Re: [PATCH 0/2] Improve Zram by separating compression context from kswapd

Barry Song <21cnbao@xxxxxxxxx> · Thu, 13 Mar 2025 22:30:05 +1300

On Thu, Mar 13, 2025 at 4:52 PM Barry Song <21cnbao@xxxxxxxxx> wrote:
>
> On Thu, Mar 13, 2025 at 4:09 PM Sergey Senozhatsky
> <senozhatsky@xxxxxxxxxxxx> wrote:
> >
> > On (25/03/12 11:11), Minchan Kim wrote:
> > > On Fri, Mar 07, 2025 at 08:01:02PM +0800, Qun-Wei Lin wrote:
> > > > This patch series introduces a new mechanism called kcompressd to
> > > > improve the efficiency of memory reclaiming in the operating system. The
> > > > main goal is to separate the tasks of page scanning and page compression
> > > > into distinct processes or threads, thereby reducing the load on the
> > > > kswapd thread and enhancing overall system performance under high memory
> > > > pressure conditions.
> > > >
> > > > Problem:
> > > >  In the current system, the kswapd thread is responsible for both
> > > >  scanning the LRU pages and compressing pages into the ZRAM. This
> > > >  combined responsibility can lead to significant performance bottlenecks,
> > > >  especially under high memory pressure. The kswapd thread becomes a
> > > >  single point of contention, causing delays in memory reclaiming and
> > > >  overall system performance degradation.
> > >
> > > Isn't it general problem if backend for swap is slow(but synchronous)?
> > > I think zram need to support asynchrnous IO(can do introduce multiple
> > > threads to compress batched pages) and doesn't declare it's
> > > synchrnous device for the case.
> >
> > The current conclusion is that kcompressd will sit above zram,
> > because zram is not the only compressing swap backend we have.
>
> also. it is not good to hack zram to be aware of if it is kswapd
> , direct reclaim , proactive reclaim and block device with
> mounted filesystem.
>
> so i am thinking sth as below
>
> page_io.c
>
> if (sync_device or zswap_enabled())
>    schedule swap_writepage to a separate per-node thread
>

Hi Qun-wei, Nhat, Sergey and Minchan,

I managed to find some time to prototype a kcompressd that supports
both zswap and zram, though it has only been build-tested.

Hi Qun-wei,

Apologies, but I’m quite busy with other tasks and don’t have time to
debug or test it. Please feel free to test it. When you submit v2, you’re
welcome to keep yourself as the author of the patch as v1.
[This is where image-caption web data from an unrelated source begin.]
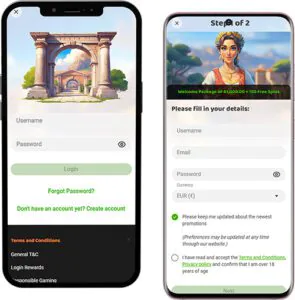 Imperial Wins Mobile App Login and Registration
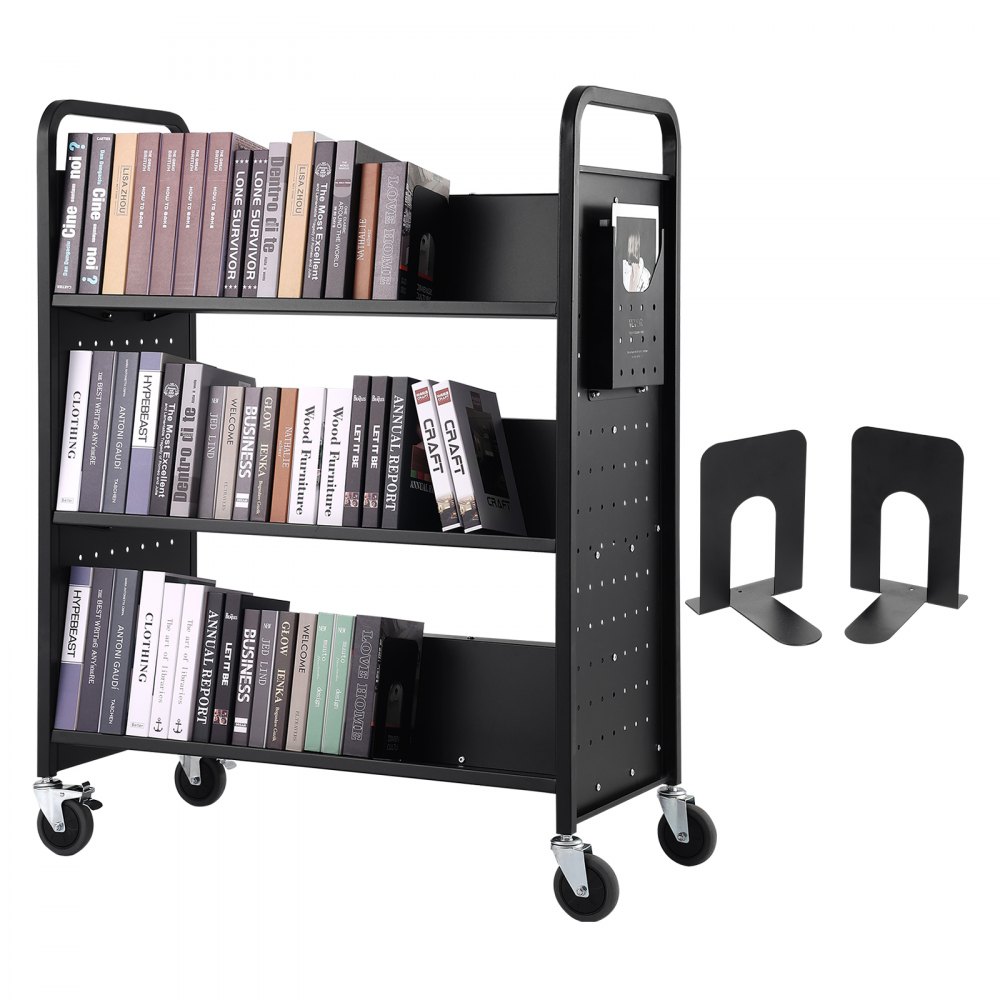 Cărucior de cărți VEVOR, cărucior de bibliotecă de 330 lbs, cărucior de cărți rulant de 39,4" x 20,1" x 49,2", rafturi înclinate în formă de W cu două fețe cu roți blocabile de 4 inci pentru rafturi acasă, școală de birou, camion cu cărți în negru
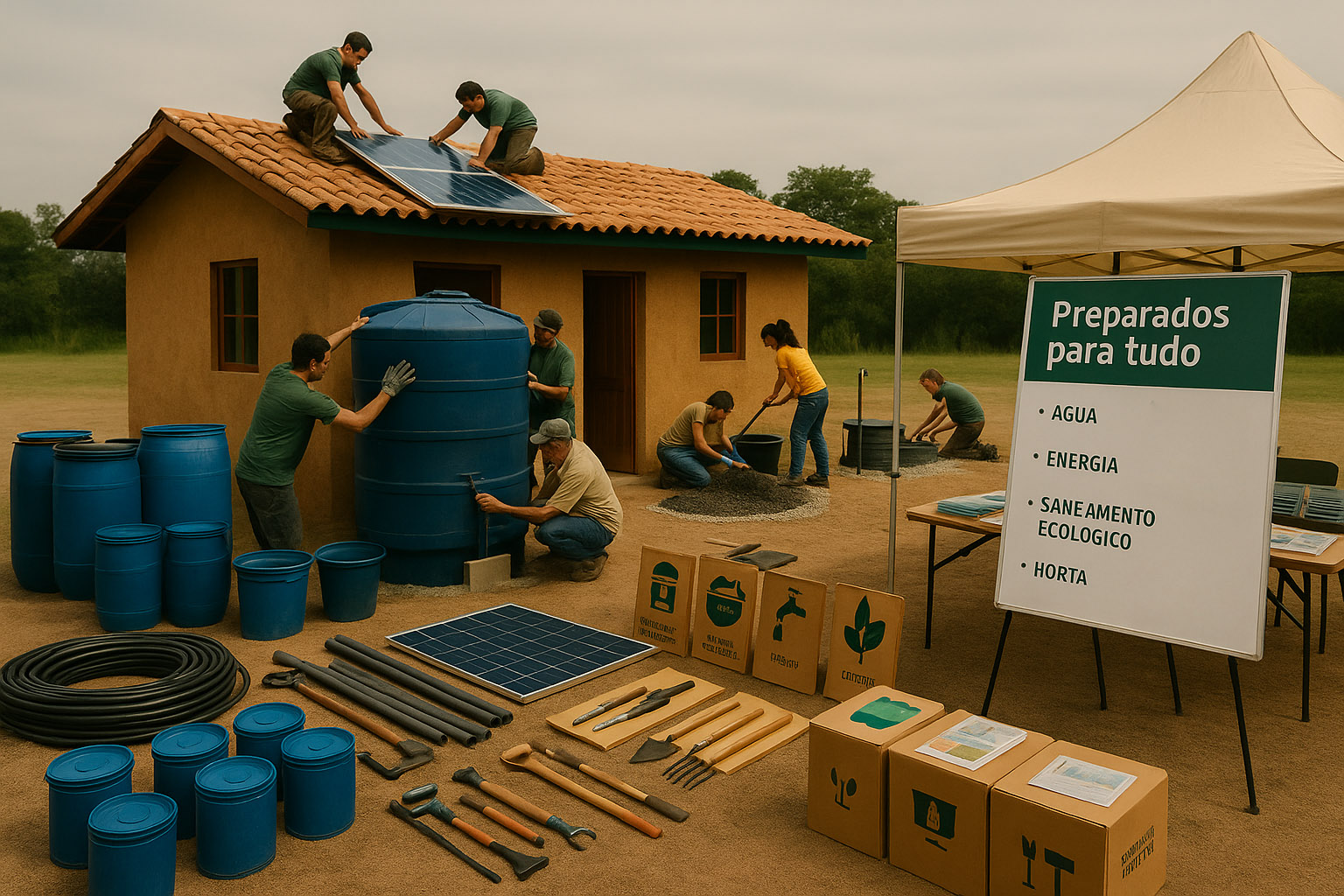Soluções sustentáveis desenvolvidas pelo projeto Preparados pra Tudo da Associação Verde Esperança, como bioconstrução, bioenergia, saneamento ecológico e hortas resilientes.


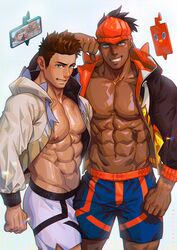  2boys abs alternate_pectoral_size bara bare_pectorals black_hair blue_eyes blue_shorts brown_hair dark-skinned_male dark_skin flexing hat highres hood hood_down hooded_jacket jacket large_pectorals looking_at_viewer male_focus mocucumo multiple_boys muscular muscular_male navel nipples open_clothes open_jacket original pectorals phone pokemon pokemon_swsh pose raihan_(pokemon) rotom rotom_phone shorts smile spiked_hair teeth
If you’re okay with it, you can also add me as a co-developer in the
changelog. The below prototype, I'd rather start with a per-node thread
approach. While this might not provide the greatest benefit, it carries
the least risk and helps avoid complex questions, such as how to
determine the number of threads. - And we have actually observed a
significant reduction in allocstall by using a single thread to
asynchronously handle kswapd's compression as I reported.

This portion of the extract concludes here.